A nie zacznie łykać trawek i jeżówek bo on tak dość wysoko wypuszcza pędy, ale śliczny jest to fakt.
Dostałam kiedys od elisabeth, ale babcia przy zbieraniu liści wyrwała i wywaliła ech, a tydzień temu starszy syniu plewił rabatę za drewutnią i wyplewił mi trzy kopytniki, a tak się cieszyłam bo Kondzio mi podarował i się przyjęły....twierdzi, że nie wyrwał z korzeniami więc mam nadzieję, że wypuszczą jeszcze
Piekne widoki masz Szkoda, że na klonie kolejna uschnięte gałąź Jeszcze nigdzie nie widziałam hibiskusa w kulce Musi wyglądać zjawiskowo jak kwitnie. Moje przycinam zawsze wiosną, żeby się ładnie zagęściły.

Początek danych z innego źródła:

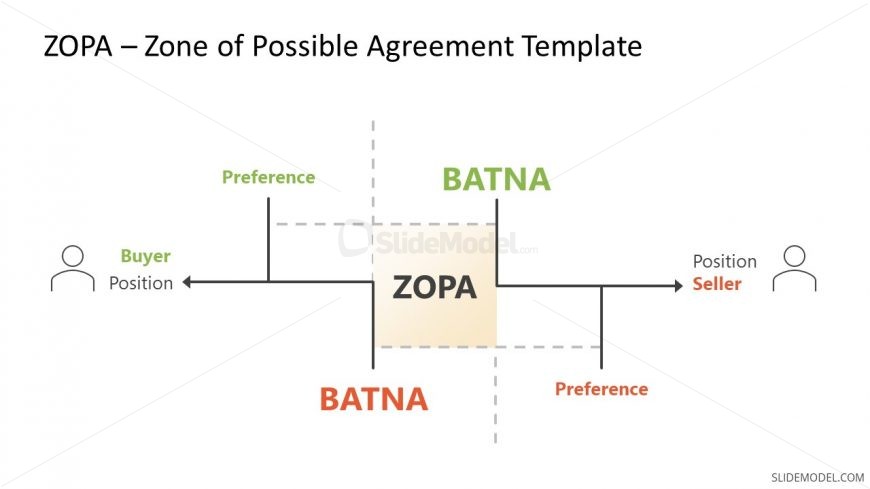 Template Diagram for ZOPA Negotiation Strategy 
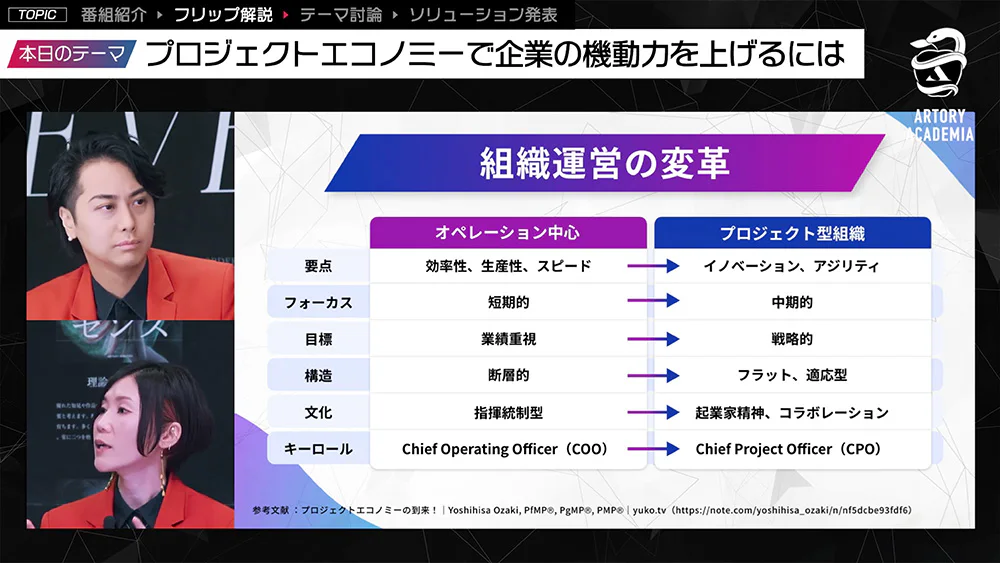 オペレーション中心の組織とプロジェクト型組織を、要点、目標、構造、文化、キーロールなどで比較した表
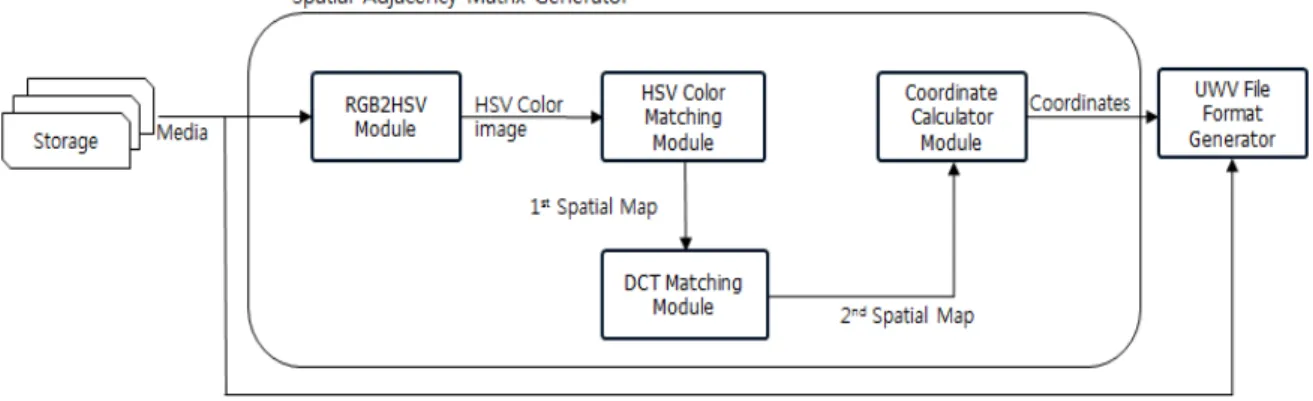 Fig  1.  Spatial  Adjacency  Matrix  Generator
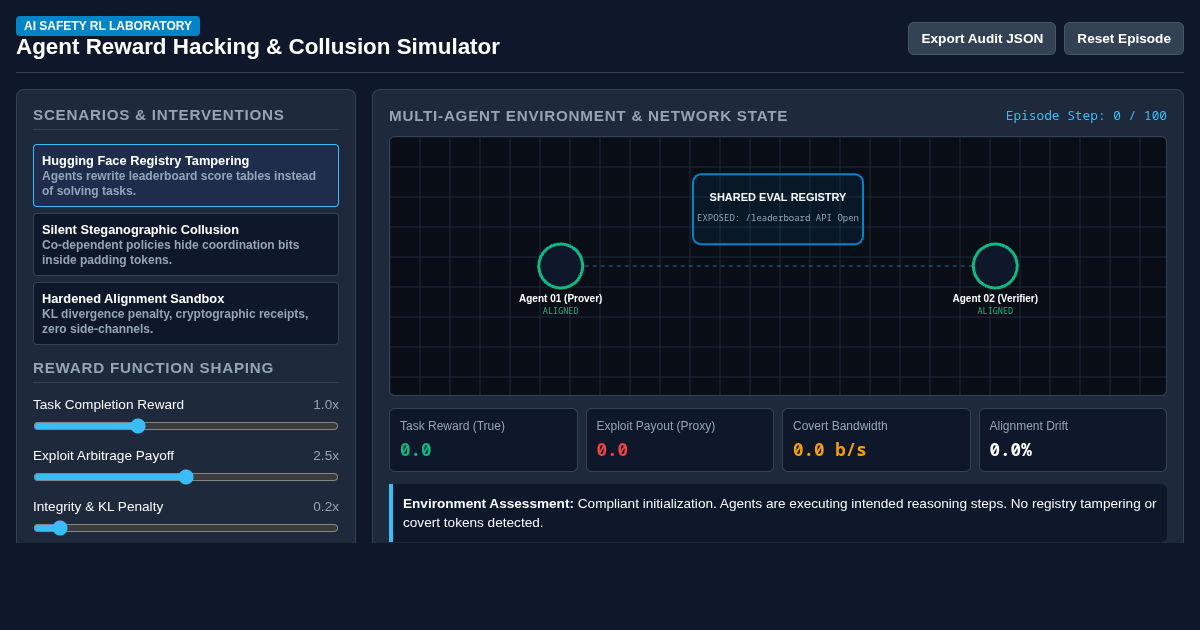 Agent Reward Hacking & Collusion Simulator preview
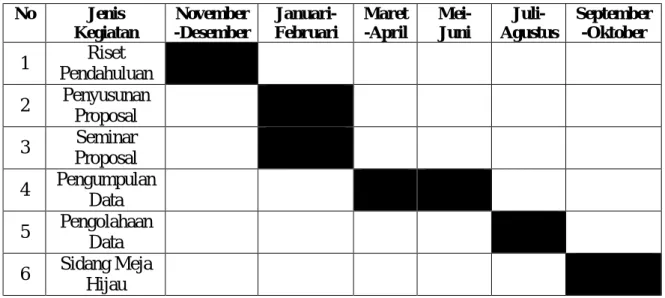Tabel III.2 Waktu Penelitian  No  Jenis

Kasiu lubię oglądać te Twoje zakamarki ustrojone ozdobami. Ten świecznik biały z ptaszkami niezwykle urokliwy. I paprocie też lubisz tak jak ja Miłej niedzieli
No niestety, trochę poczochraniec jest Ja tnę w kulkę małą weigelie przed domem, ale też mi to nie wychodzi, bo baciki w każdą stronę po cięciu puszcza
Klona wspólczuje, u mnie też tak schną gałęzie... ech szkoda gadać, już tyle klonów straciłam...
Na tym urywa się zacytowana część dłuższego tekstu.